The legendary series returns to the airwaves – but on CBS’ SVOD service
The Starship Enterprise is back in business. But if want you get on board, it’s going to cost you.
CBS announced Monday it was rebooting Star Trek, which would be the seventh television incarnation of the franchise.
But there is a catch.
It you want to see Star Trek, you would have to subscribe to CBS’ All Access subscription video on-demand service, which is $5.99 a month excluding taxes (which would apply in Chicago.)
All Access streams CBS’ large library of TV product, including your local CBS affiliate in some areas.
The premiere would air on CBS in January 2017 before heading to All Access exclusively. CBS already streams all other Star Trek television shows on All Access and on other platforms.
The new Star Trek series is also being distributed on multiple platforms and television internationally.
Using a new Star Trek show to bolster a platform isn’t new: Paramount used the premiere of Star Trek: Voyager to launch UPN in 1995. UPN was also home to Star Trek: Enterprise.
The decision to move the new Star Trek to a digital platform continues a trend of premium content heading to streaming services, rather than the traditional broadcast or cable route. It’s not known if the new Star Trek would be offered to broadcasters or cable networks in the States, though today’s announcement doesn’t seem to indicate that.
According to a statement released by CBS, the new Star Trek “will introduce new characters seeking imaginative new worlds and new civilizations, while exploring the dramatic contemporary themes that have been a signature of the franchise since its inception in 1966.”
Alex Kurtman has been named Executive Producer of the project. He co-wrote the 2009 Star Trek movie and 2013 sequel Into Darkness with Roberto Orci, who is not part of the revival.
Star Trek celebrates its 50th anniversary next year, premiering on September 8, 1966 on NBC. The reruns’ popularity helped spawn several motion pictures, an animated series, and several TV sequels, including Star Trek: The Next Generation and Star Trek: Deep Space Nine.

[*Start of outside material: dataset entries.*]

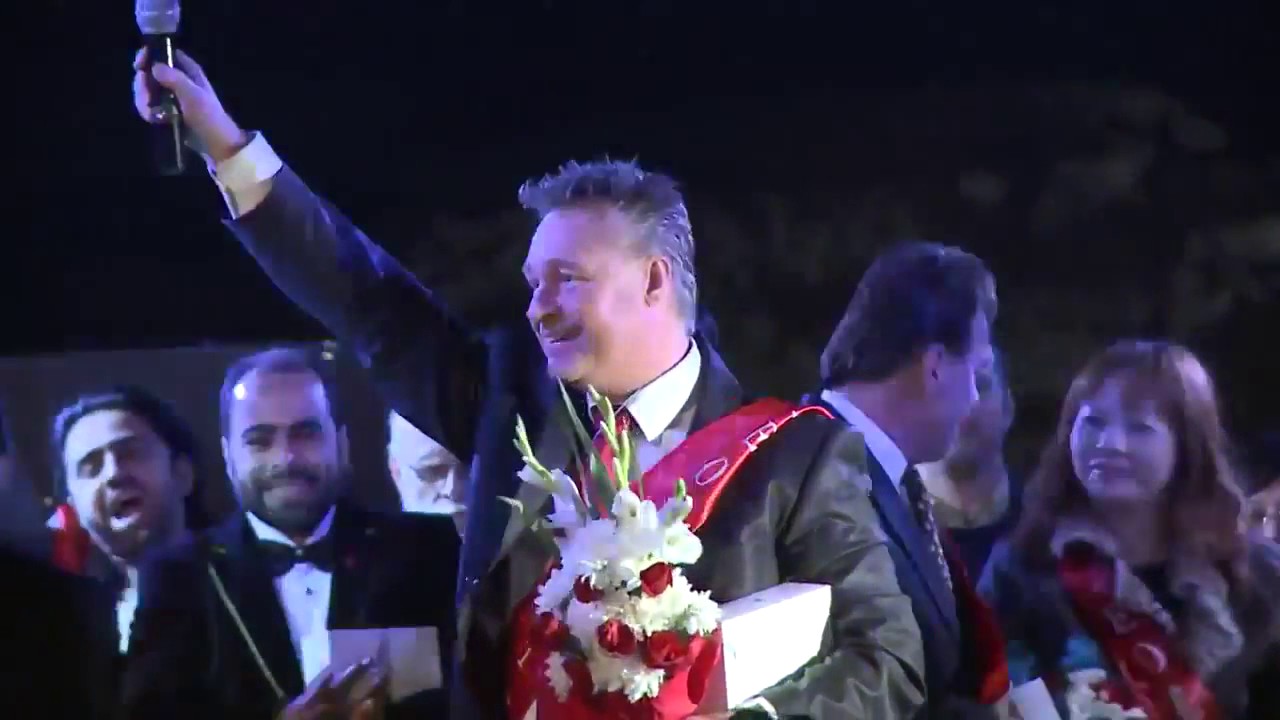 LEO Kingdom Bitcoin LEOcoin:  Khai Trương Công Ty LEO dưới hai chân tòa tháp Ai Cập cổ đại  1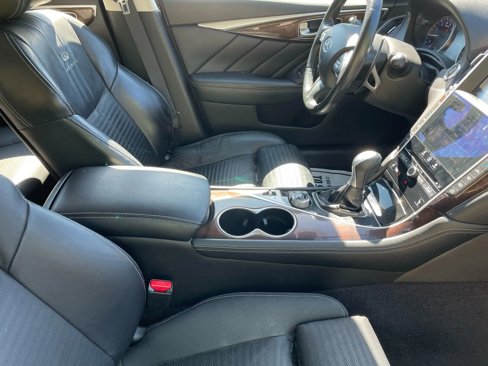 Used 2014 INFINITI Q50 Sport w/ Deluxe Touring Package image 27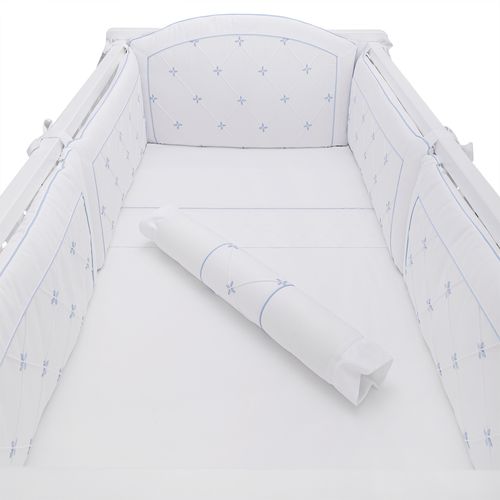 Protetor de Berço com Bordado à Mão - AZUL BEBE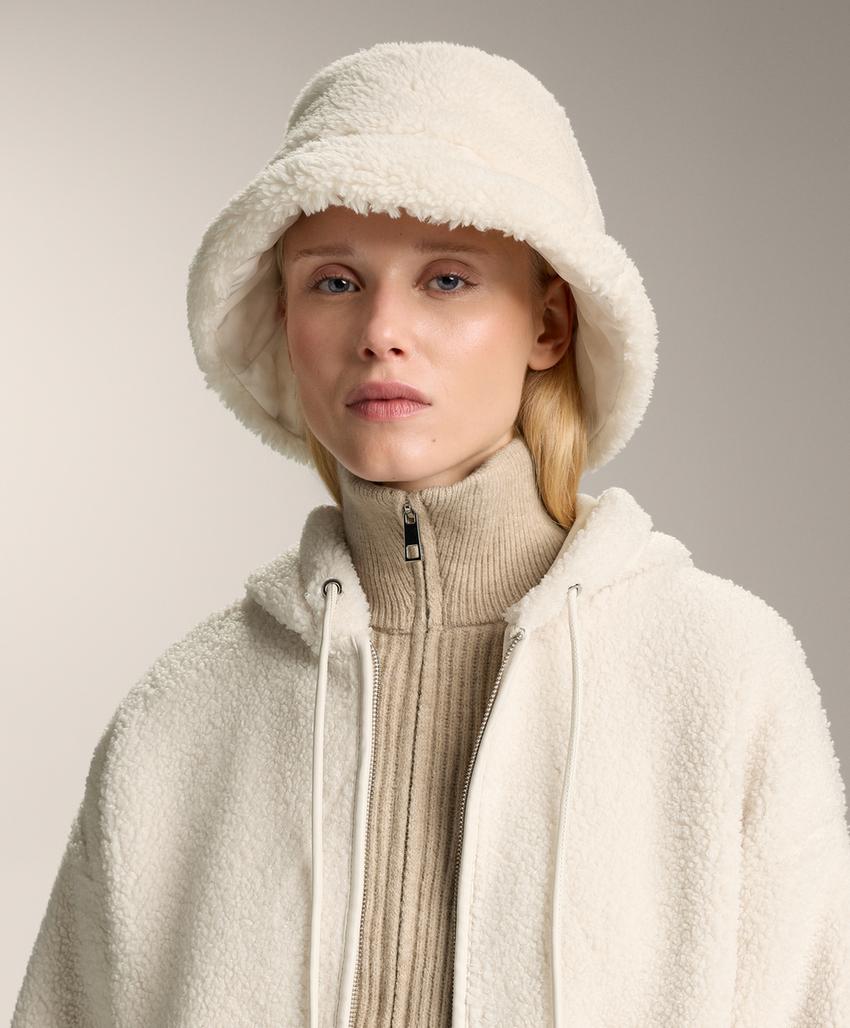 Вязаная шапка-ведро из искусственного меха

The new Star Trek is not related to the new theatrical scheduled for release in the summer of 2016, Star Trek: Beyond. Since CBS and Viacom split from each other in 2005, Viacom’s Paramount Pictures has the rights to produce and distribute the Star Trek theatrical product; CBS and CBS Television Distribution own the rights to all Star Trek TV series. Viacom acquired Paramount in 1994 and CBS in 2000; CBS spun off Viacom in 1971 due to newly minted fin-syn rules at the time.